Título: Na beira do Capibaribe, a luta contra a maré
Autor: Bernardo Mello Franco
Fonte: Jornal do Brasil, 23/01/2005, País, p. A3

Rio Capibaribe, que aparece em cartões postais do Recife, é uma presença incômoda sob as tábuas que compõem o chão do barraco de Ana Lúcia Gomes. Ela tem 36 anos e vive com o marido e mais oito pessoas - sete filhos e um neto - numa palafita da favela Beira Rio, uma das mais pobres do Recife. Ex-moradora de Brasília Teimosa, ela deixou a comunidade há nove anos para fugir da violência do mar.

- A vida lá era pior, porque as ondas batiam forte e derrubavam os barracos. Só não imaginava que um dia fossem tirar as palafitas. Se o presidente Lula tivesse passado aqui na Beira Rio, nossa vida poderia ser diferente - acredita.

A única fonte de renda da família é a pesca do sururu, que depende da maré. O molusco é colhido semana sim, semana não, e sai entre R$ 3 e R$ 5 o quilo. Enquanto o casal trabalha, as crianças se arriscam brincando sobre pontes estreitas que ligam os barracos, a dois metros do espelho d'água.

O cheiro do esgoto toma a pequena casa, escura mesmo durante o dia, onde não há banheiro e a água usada para os banhos e a lavagem de roupas chega da única bica instalada pelo estado na região.
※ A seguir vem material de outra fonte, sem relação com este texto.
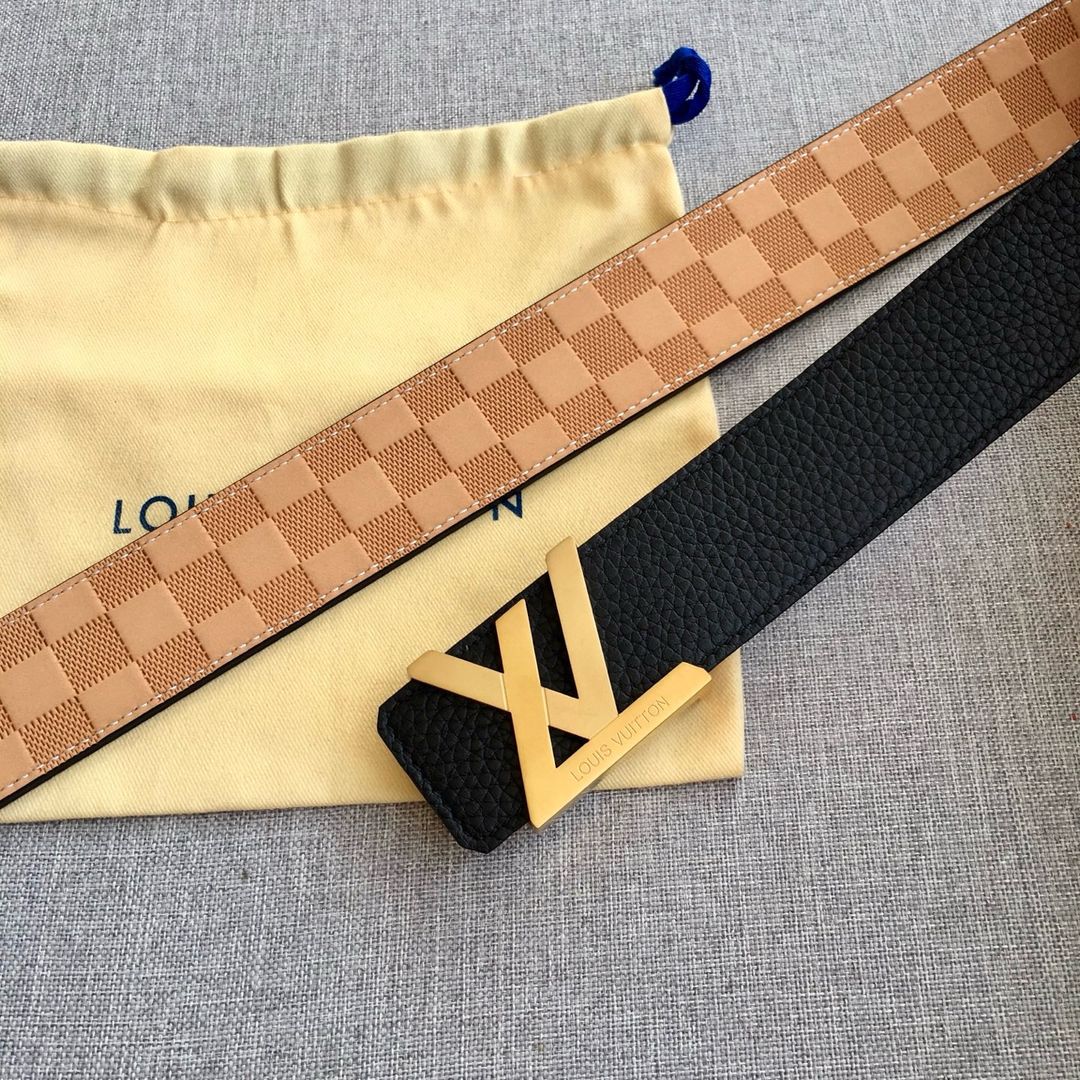 LV Logo Belt 001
Ana Lúcia já se inscreveu em programas de assistência, mas não recebe nenhum auxílio do governo. O filho mais velho, que deixou a escola na 4ª série, trabalha com ela. A filha de 16 anos é deficiente mental e vive reclusa num pequeno cômodo, e os outros sofrem com piolhos e coceiras causadas pela água poluída.

Fora da vida de maré, a maioria dos moradores do local não encontra oportunidades de trabalho. Sofre o estigma das palafitas e leva desvantagem na disputa por vagas de baixa remuneração no mercado.

Depois da remoção das 561 famílias que moravam na área oceânica da favela Brasília Teimosa, ainda restam cerca de 23.500 palafitas espalhadas pela cidade, informa o prefeito João Paulo, que promete remover e indenizar as famílias da Beira Rio este ano.